Where yi represents the phenotypic measurement for the i th animal, X is the incidence matrix relating fixed effects in β with observations in y, Z is the incidence matrix relating to random additive polygenic effects of animal in μ with observations in y and S j is the observed animal genotype for the jth SNP (coded as 0, 1 or 2 to represent the number of copies of the B allele), if the SNPs were located in the X chromosome and males were genotyped, they were coded as 0 or 2 (since there is no heterozygous), a j is the estimated SNP effect, lastly e i is the random residual effect. For SC12, SC18, SC24 and PNS, the same fixed effects were used for each trait. These fixed effects included contemporary group (animals born in the same year and raised together), the interaction of year and month of birth and breed. For AGECL and PPAI, the fixed effects were contemporary group (i.e., group of heifers born in the same year and raised together), herd of origin and age of dam. For bull growth traits, the fixed effects included cohort origin and age. The p-values were not corrected for multiple testing.

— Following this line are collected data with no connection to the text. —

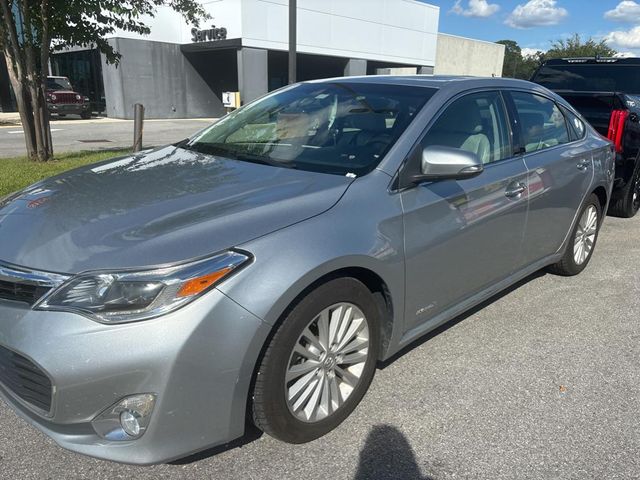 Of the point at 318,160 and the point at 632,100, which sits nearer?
the point at 318,160

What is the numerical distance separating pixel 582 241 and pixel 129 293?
13.4ft

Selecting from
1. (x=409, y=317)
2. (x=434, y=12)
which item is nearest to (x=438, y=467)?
(x=409, y=317)

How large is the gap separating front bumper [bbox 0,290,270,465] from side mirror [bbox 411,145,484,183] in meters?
1.22

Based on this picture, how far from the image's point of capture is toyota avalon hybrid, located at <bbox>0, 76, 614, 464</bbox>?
1.97 meters

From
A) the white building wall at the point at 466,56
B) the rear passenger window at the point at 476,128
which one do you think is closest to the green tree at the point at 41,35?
the rear passenger window at the point at 476,128

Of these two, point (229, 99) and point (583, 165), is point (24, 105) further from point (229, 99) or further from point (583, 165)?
point (229, 99)

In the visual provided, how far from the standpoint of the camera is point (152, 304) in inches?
77.2

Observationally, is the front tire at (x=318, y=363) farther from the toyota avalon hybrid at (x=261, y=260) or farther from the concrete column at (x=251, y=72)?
the concrete column at (x=251, y=72)

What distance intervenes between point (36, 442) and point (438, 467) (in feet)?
6.09

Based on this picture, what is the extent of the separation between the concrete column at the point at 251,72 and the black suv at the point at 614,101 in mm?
19158

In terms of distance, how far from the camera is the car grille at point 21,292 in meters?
2.04

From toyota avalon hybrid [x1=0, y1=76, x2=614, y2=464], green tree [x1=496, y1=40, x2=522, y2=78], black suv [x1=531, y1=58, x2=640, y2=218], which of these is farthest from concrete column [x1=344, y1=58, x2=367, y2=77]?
green tree [x1=496, y1=40, x2=522, y2=78]

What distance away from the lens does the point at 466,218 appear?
306 cm

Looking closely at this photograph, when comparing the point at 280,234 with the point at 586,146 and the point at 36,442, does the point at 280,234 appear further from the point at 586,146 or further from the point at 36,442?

The percentage of the genetic variance accounted by the jth SNP was estimated according to the formula \( \%Vj=100.\frac{2{p}_j{q}_j{a}_j^2}{\sigma_g^2} \) where p and q are the allele frequencies for the jth SNP estimated across the entire population, aj is the estimated additive effect of the jth SNP on the trait under analysis, and σ g 2 is the REML estimate of the (poly-) genetic variance for the trait.

The single marker regression was also done fixing the top marker (higher F statistic) for each trait. The p-values of the other markers were recalculated consecutively until no marker has a significant p-value. The aim of these analyses is to verify the independence of the effect among the markers.

Availability of supporting data

Animal genotypes for all markers are available as Additional file 5: Table S5.